Back ground: Time-to-lost follow-up and CD4 cell variation measures are the outcome variables of infection in HIV/AIDS patients after starting ART in this study. The time-to-lost follow-up from ART was determined by month time interval among dates of ART commencement to drop-out, as documented by the health information data administrator. The main goal of this study was to identify association of CD4 cell variation measurements on time-to-lost follow-up and main predictors of HIV/AIDS positive patients.
Methods: Institution based retrospective cohort study design was used among 216 HIV/AIDS patients under ART follow-up from period September 11, 2013 to September 5, 2016 at Mekelle General Hospital, Ethiopia and employed both survival and longitudinal outcome to fit separate and statistical joint modeling approach.
Results: A total of 216 HIV/AIDS patients were selected using systematic random sampling technique to analyze the longitudinal and survival outcome using joint model study.
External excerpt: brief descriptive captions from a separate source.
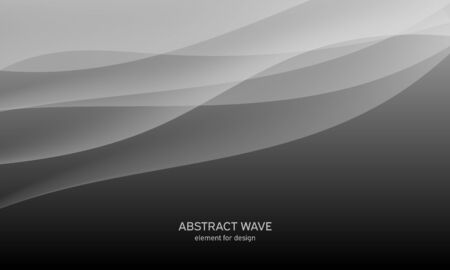 Abstract black background with smooth gray lines, waves. Modern and fashion. Gradient geometric. Vector illustrationのイラスト素材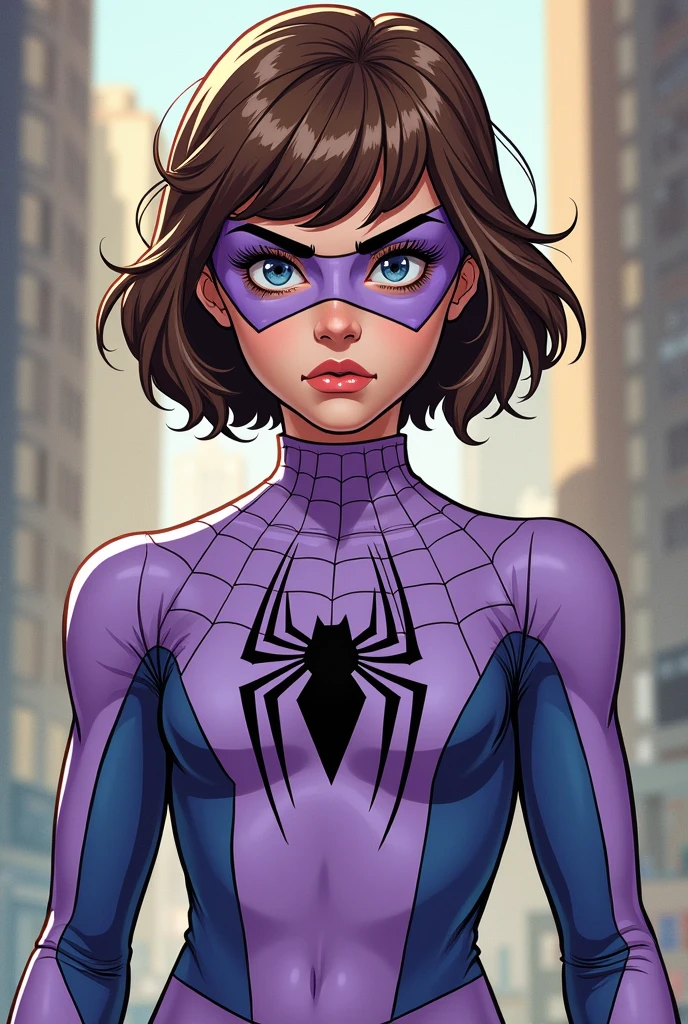 a girl with brown hair and blue eyes. her hair is a tomboy and she has big eyelashes. she has a lilac spiderman outfit, but only with a mask over her eyes, and she is over 1 and has a more serious and sober appearance. . MARVEL 1980 comics style 2D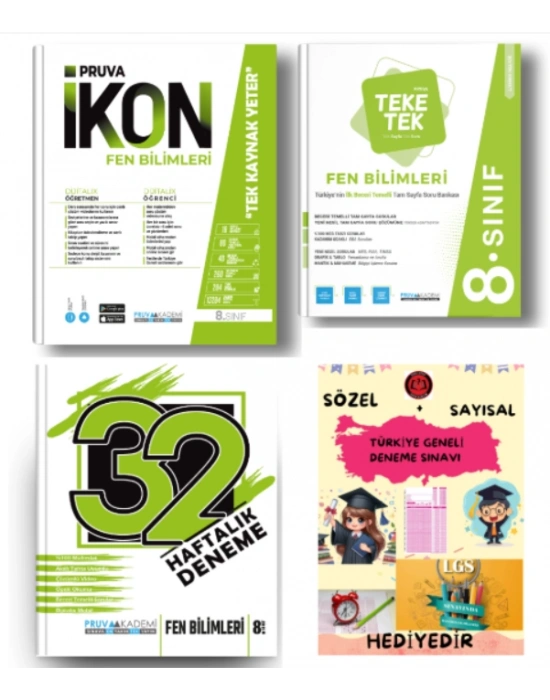 PRUVA AKADEMİ YAYINLARI 8.SINIF FEN BİLİMLERİ İKON SORU BANKASI+32 HAFTA FEN BİLİMLERİ DENEME+FEN BİLİMLERİ TEKE TEK+HEDİYE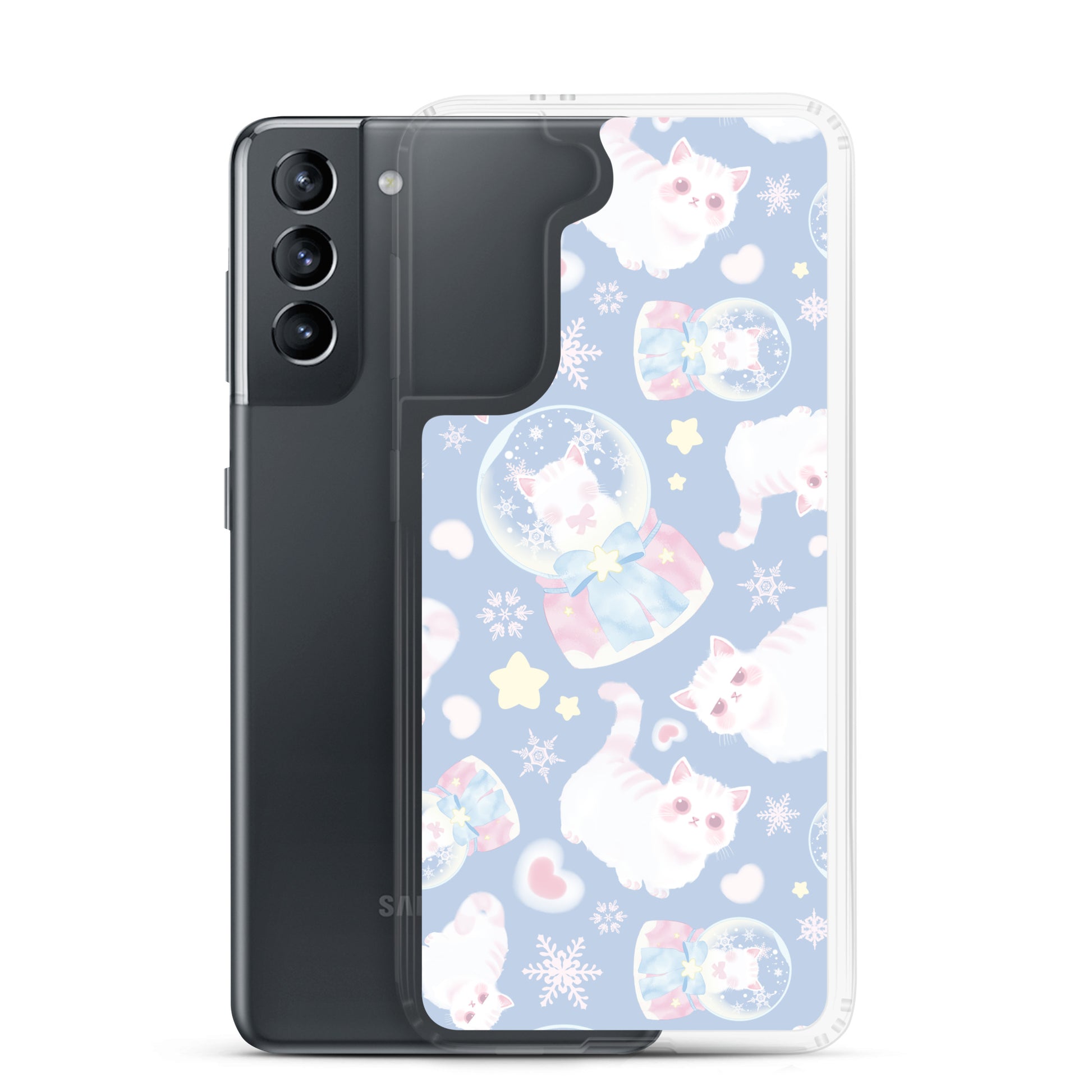 Protect your phone in style with the Snow Kitten Samsung® Clear Case, featuring adorable kittens and pastel colors.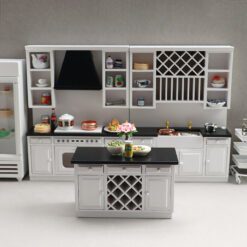 Miniature white kitchen set with black countertops for dollhouse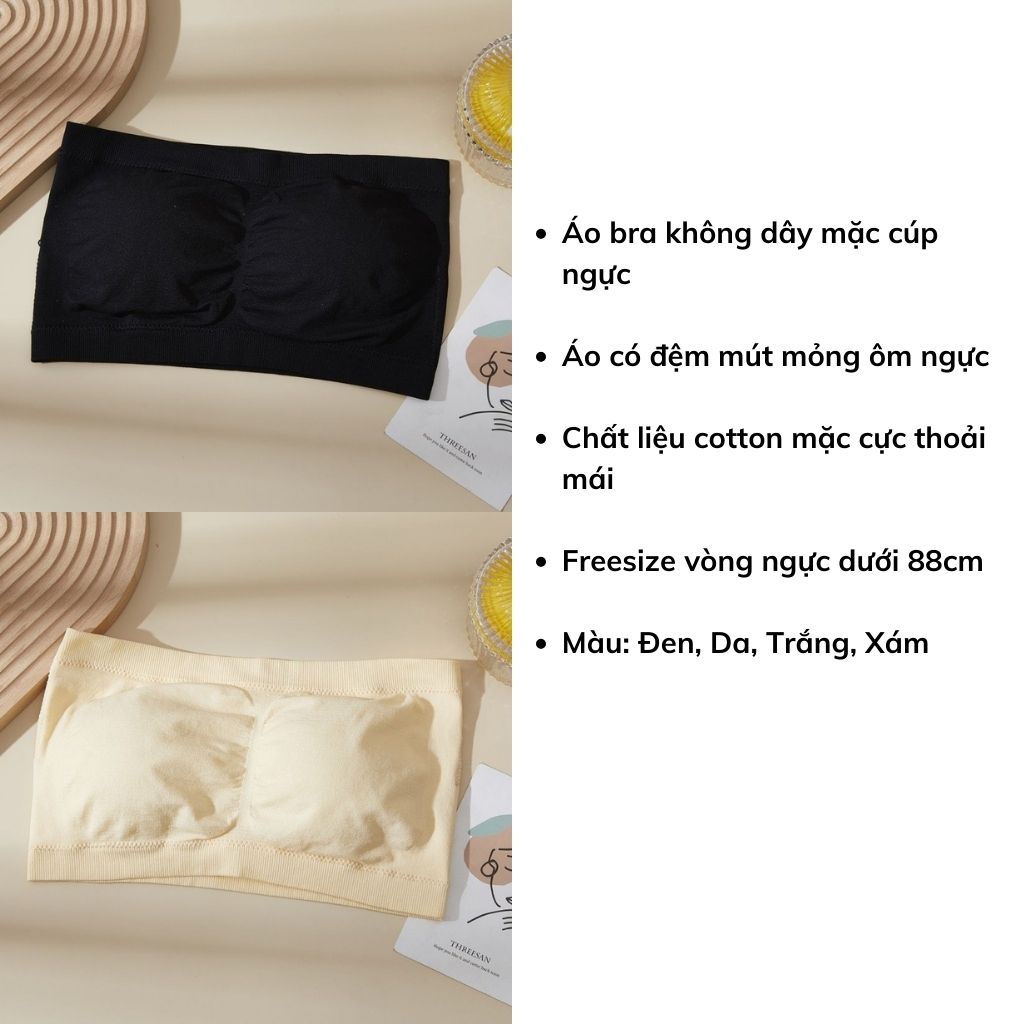 Áo bra nữ không dây mặc cúp ngực, áo ống đệm mút mỏng mềm mịn mặc thoáng mát Lanixa DOPICO B7735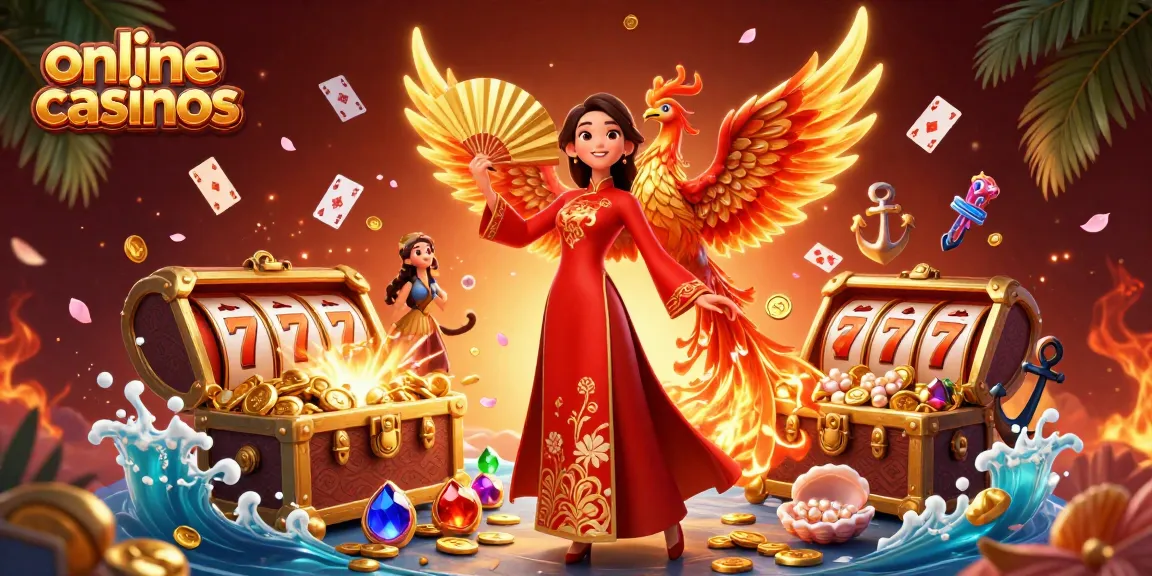 Engage with online casinos featuring a vibrant scene of a semi-realistic woman and a phoenix amidst gold coins and slots.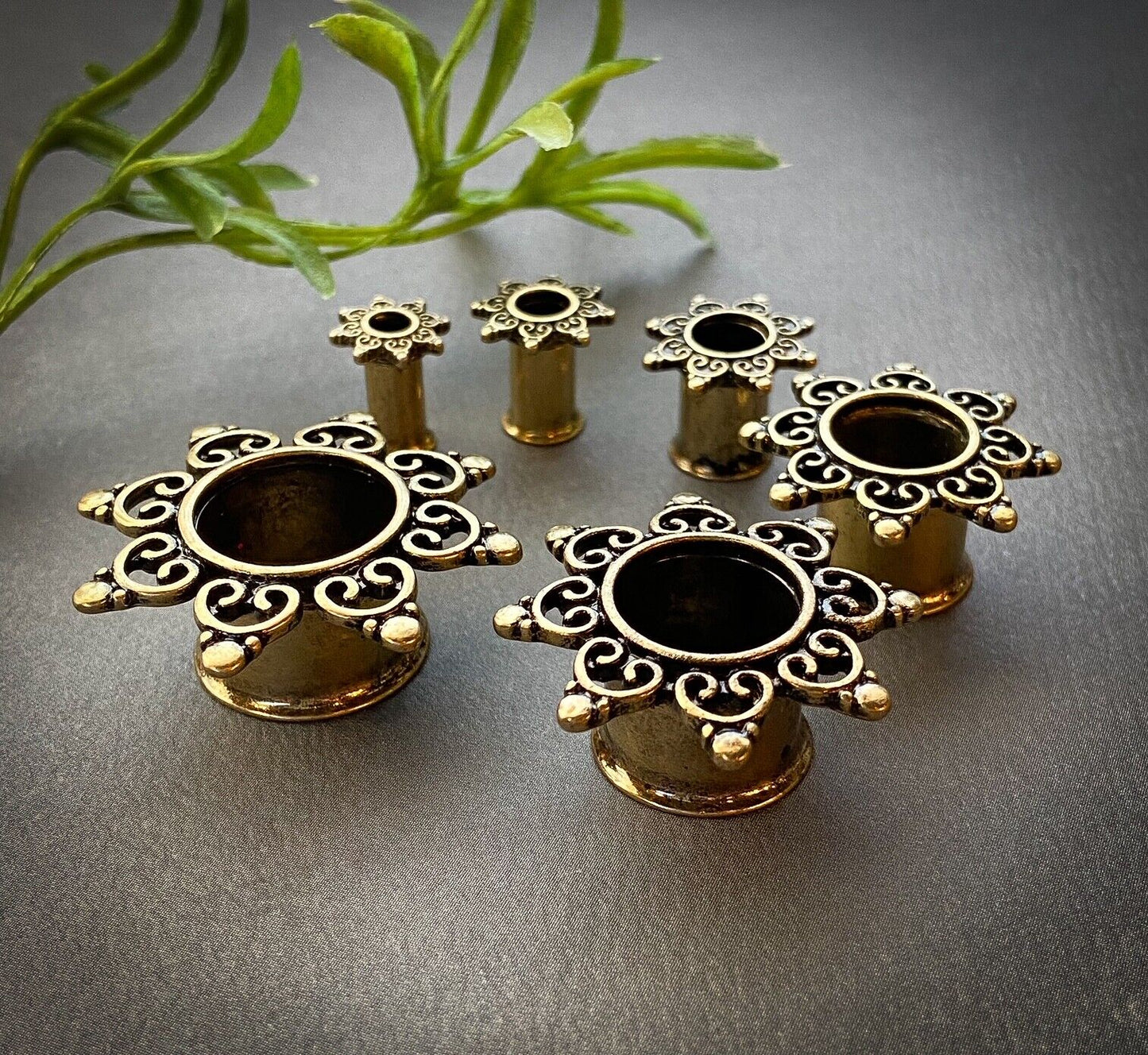 PAIR Antique Gold IP Tribal Sun Design Tunnels Plugs Earlets Gauges Body Jewelry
The result of this study showed that relationship between CD4 cell variation on hazard of time-to-lost follow-up was negatively statistical significant. Thus, time-to-lost follow-up from ART is less probable to occur in HIV/AIDS patients which have higher CD4 cell evolution. In survival sub-model Baseline CD4, sex of male, living in rural and comorbidity HIV/TB were significant factors of risk to time-to-lost follow-up from ART of HIV/AIDS patients. The longitudinal sub-model shows Baseline CD4 cell and being bedridden were significant factors of variation at 5% significance levels.
Conclusions: The author assessed relationship of repeated measured CD4 cell variation on hazard of time-to-lost follow-up was negatively statistical significant and performance of both separate and statistical joint sub-models in terms model parsimony, smaller AIC & smaller standard error in statistical joint model performs. Thus, the author concluded that statistical joint model was preferred for simultaneous analyses of repeated biomarker CD4 cell and survival time-to-lost follow-up data.